I have based this monograph on Abinavagupta mainly on the writings of late Dr. kanti Chandra Pandey, who devoted his scholarship to provide us with a detailed account of a well known but little studied philosophical system of Monistic Saivism of Kashmir and its greatest exponent Abinavagupta. Those who are keen on studing the Saiva Monism of Kashmir or Abinavagupta's theory of aesthetics, cannot do so without going critically through the writing Of Dr. Pandey. I happened to read his first treatise on Abinavagupta about thirty-five years ago. It created in me a keen interest in the Pratyabhijna School of philosophy. His first volume on Indian aesthetics brought about a change in my outlook towards Indian poetics. His volumes of Bhaskari made it easy for me to grasp the principles of the Pratyabhijna School. Dr. Pandey's writings thus have been for me a sources of inspiration to study Abhinavagupta, his philosophy and his aesthetics. In this monograph, I have borrowed the material from his writings and at places; I have used his expression also freely, as a student would use the thought and expression of his teacher. With a deep sense of gratitude, I dedicate to his sacred memory this small attempt of mine in the spirit of "Tvadiyam vastu Govinda tubhyam eva samarpaye".
I am also grateful to other writers on the subject whose works I have utilised in preparing this monograph. Such works have separately been mentioned in the Bibliography attached to this book.
This essay is an attempt to acquaint the reader with Abhinava's thinking in Aesthetics and its philosophical basis as found in Monistic Saivism.

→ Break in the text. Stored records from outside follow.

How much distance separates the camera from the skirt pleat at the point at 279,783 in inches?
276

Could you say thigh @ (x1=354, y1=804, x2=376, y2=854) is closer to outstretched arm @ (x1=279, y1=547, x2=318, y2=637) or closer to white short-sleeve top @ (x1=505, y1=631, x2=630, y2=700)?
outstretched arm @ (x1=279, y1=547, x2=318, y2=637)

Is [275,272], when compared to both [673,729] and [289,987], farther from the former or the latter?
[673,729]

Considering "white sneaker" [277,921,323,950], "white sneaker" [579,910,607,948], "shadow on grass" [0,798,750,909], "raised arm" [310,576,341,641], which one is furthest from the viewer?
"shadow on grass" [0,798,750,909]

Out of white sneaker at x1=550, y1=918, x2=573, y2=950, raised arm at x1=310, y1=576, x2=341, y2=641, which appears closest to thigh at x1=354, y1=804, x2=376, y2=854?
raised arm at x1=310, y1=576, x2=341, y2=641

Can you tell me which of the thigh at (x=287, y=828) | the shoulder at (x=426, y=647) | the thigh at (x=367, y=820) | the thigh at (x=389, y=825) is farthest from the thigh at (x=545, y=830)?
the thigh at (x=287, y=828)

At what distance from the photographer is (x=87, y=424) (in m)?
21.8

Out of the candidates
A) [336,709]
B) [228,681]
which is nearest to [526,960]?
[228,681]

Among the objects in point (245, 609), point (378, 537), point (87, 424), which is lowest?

I have also tried to show how in whatever he wrote on- whether philosophy or poetics- there runs an undercurrent of spirituality, culminating into the stage of oneness with the Ultimate.
In the third chapter which deals with the philosophy of Saiva Monism, I have touched upon those points which, according to me, are necessary to understand Abhinava's theory of Rasa and Dhvani. The treatment of Rasa and Dhvani forms the subject-matter of the fourth and fifth chapters. These three chapters together form the core of this book. They are preceded by chapters on Abhinava's personal history and his works, and are followed by the chapters showing his influence and his contribution to Indian thought. The reader, I hope, will get from these pages a general idea of Abhinavagupta as a person, as an aesthetician and as an exponent of Monistic Saivism.
I have added at the end of this book an appendix, Notes and Reference'. The original Sanskrit quotations from Abinava's various works are given there to indicate the sources on which the discussions in this book are based. I have quoted a few Sanskrit verse in the this book are based. I have quoted a few Sanskrit verse in the body of the monograph. Their free English rendering has been given in the Notes.
I am thankful to the Sahita Akademi, for giving me an opportunity to place my thoughts about Abhinavagupta together, in this monographs and for shouldering the responsibility of publishing these pages.
I place this monograph in the hands of readers, whatever its worth is. I request them to suggest improvements which will be considered and utilised in the next edition.